In his book, O’Reilly described the incident as a “major riot” where “many were killed” and other journalists were under assault, and wrote that his cameraman was injured. The CBS journalists who were apparently there separately—O’Reilly has said he doesn’t remember the loudest critic, Eric Engberg, as being on the scene with him—interpreted the scene differently. While no one has reported if anyone was killed during the incident, the contemporary Times reporting certainly backs up the idea that there were shots fired and people, including journalists, were injured.

2. Unlike Williams, no American soldiers are claiming that O’Reilly stole their valor. The argument that O’Reilly is exaggerating is being made by O’Reilly’s former colleagues at CBS, who were apparently not physically with O’Reilly during the incident in dispute. The claims against Williams came from combat veterans who were at the scene with the NBC News anchor, packing a much bigger emotional punch.

3. The case against O’Reilly feels ideological and personal. Bill O’Reilly’s entire career has been built on the idea that he is a truth-seeking everyman at constant battle with liberal pinheads, and he has been able to successfully respond to this episode using that exact narrative dynamic in his favor. O’Reilly has argued that Mother Jones, the outlet that first reported the claims against him, is a “far left” web site in the business of attacking right-wing figures and that their report was “a political hit job.” Mother Jones has won deserved national awards for its sterling investigative journalism in the past, but it is liberal, and proudly so. This makes O’Reilly’s defense easier to swallow, especially for a Fox News audience already inclined to support their man against what they view as partisan attacks from media outlets that they strongly distrust. It doesn’t help that, in an effort to highlight hypocrisy, Mother Jones itself seems to have exaggerated the degree to which O’Reilly “excoriated” Williams in his own commentary about the NBC incident—as the Washington Post noted, O’Reilly actually “went easy on the embattled anchor.”

4. Bill O’Reilly is way more important to Fox News than Brian Williams was to NBC News.
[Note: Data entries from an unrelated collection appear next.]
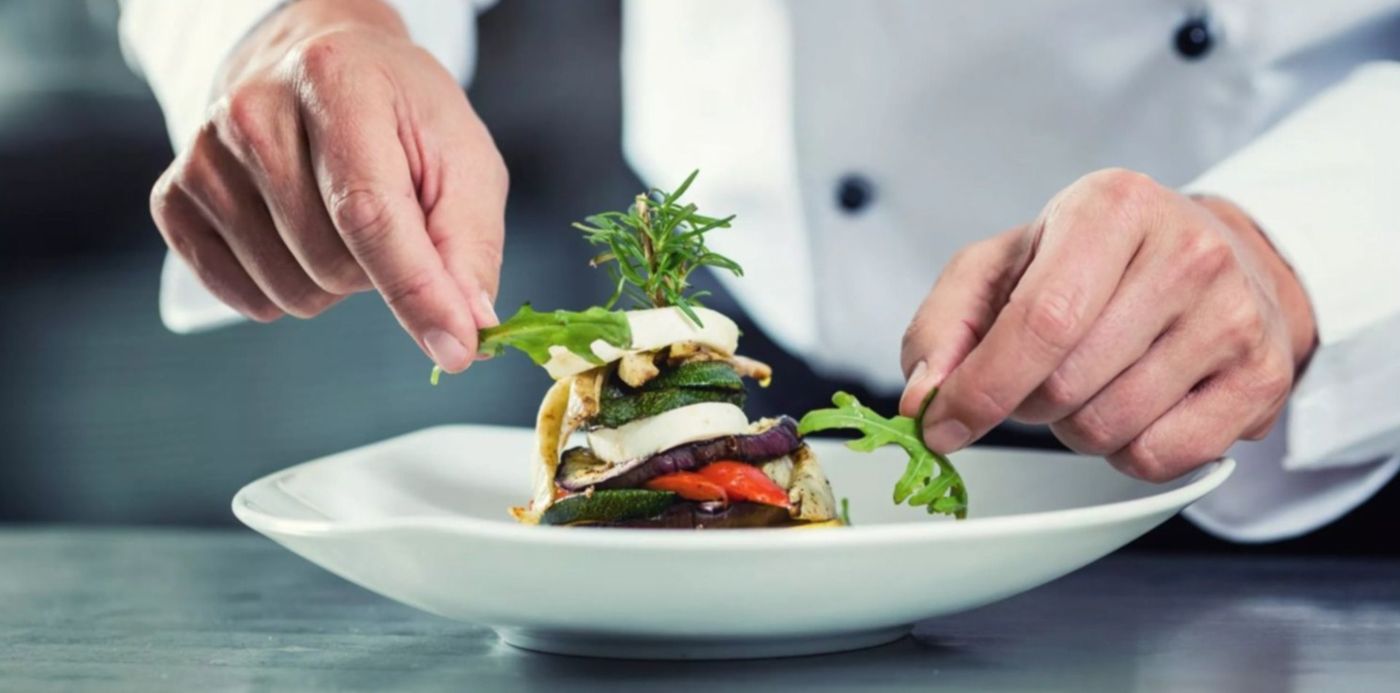 1665013098973.jpeg?x=9&y=138&width=1482&height=741&rotate=0&scaleX=1&scaleY=1&ow=1500&oh=960&&cw=1920&ch=950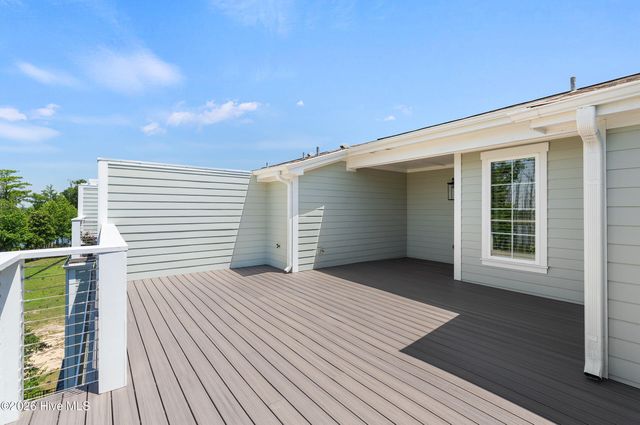 2689 Alvernia Drive, Castle Hayne, NC 28429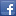 Facebook Facebook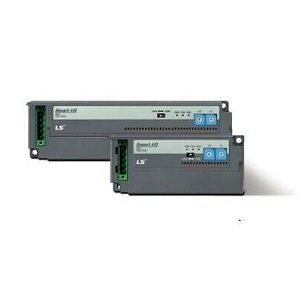 LS PLC Module GRL-D22A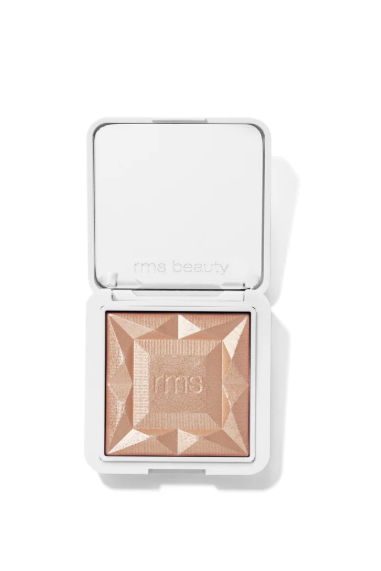 ReDimension Hydra Dew Luminizer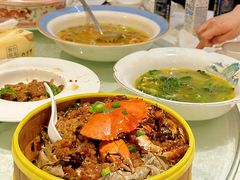 -金美华轩(东方路齐鲁店)
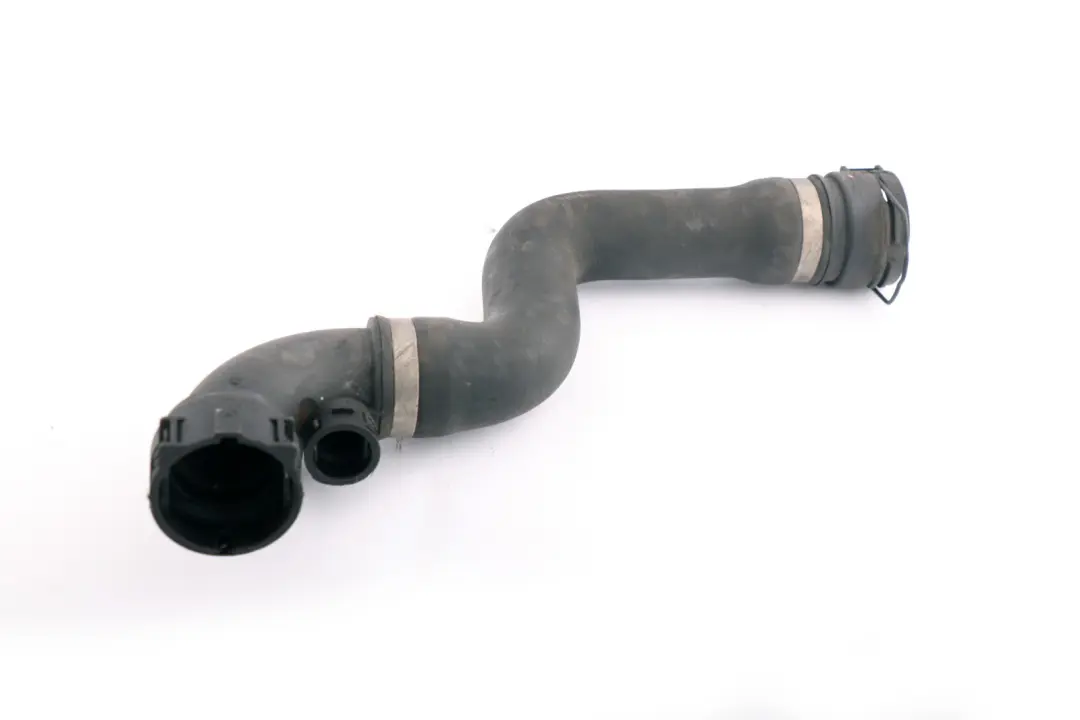 Tubo Dell'Acqua 1712 per BMW Z4 E85 con numero di parte 7514404 BMW Z4 E85 Tubo Dell'Acqua 1712 - SKU 7514404 - Numero di parte 7514404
O’Reilly’s show has consistently been the top-rated program on the top-rated network in cable news. While “NBC Nightly News” took a ratings hit after Williams’ suspension, he is just not as important in the universe of NBC as O’Reilly is to Fox News. NBC as a network is far more focused on non-news programming like sports, scripted television, and singing Americans of various talent. Add the fact that O’Reilly has survived an even bigger scandal—the 2004 sexual harassment lawsuit—and it seems pretty clear that Fox News is way more invested in O’Reilly’s career than NBC was in Williams’ and will stand by him in almost any situation.

5. Reputation matters. The same liberal critics who might actually push for O’Reilly’s ouster are less outraged by his claims than they were by Williams’ because of how they view both men. The web site “The Frisky” sums it up: “Williams’ lies are a betrayal, because people actually thought he was trustworthy. Bill O’Reilly’s lies are the equivalent of your grandpa telling you he walked ten miles to school everyday, uphill both ways and in four feet of snow.”

Unless the cameraman O’Reilly said was injured during the protests comes forward and calls him a liar, don’t expect any negative repercussions for the popular bloviater. Even then, I wouldn’t hold my breath.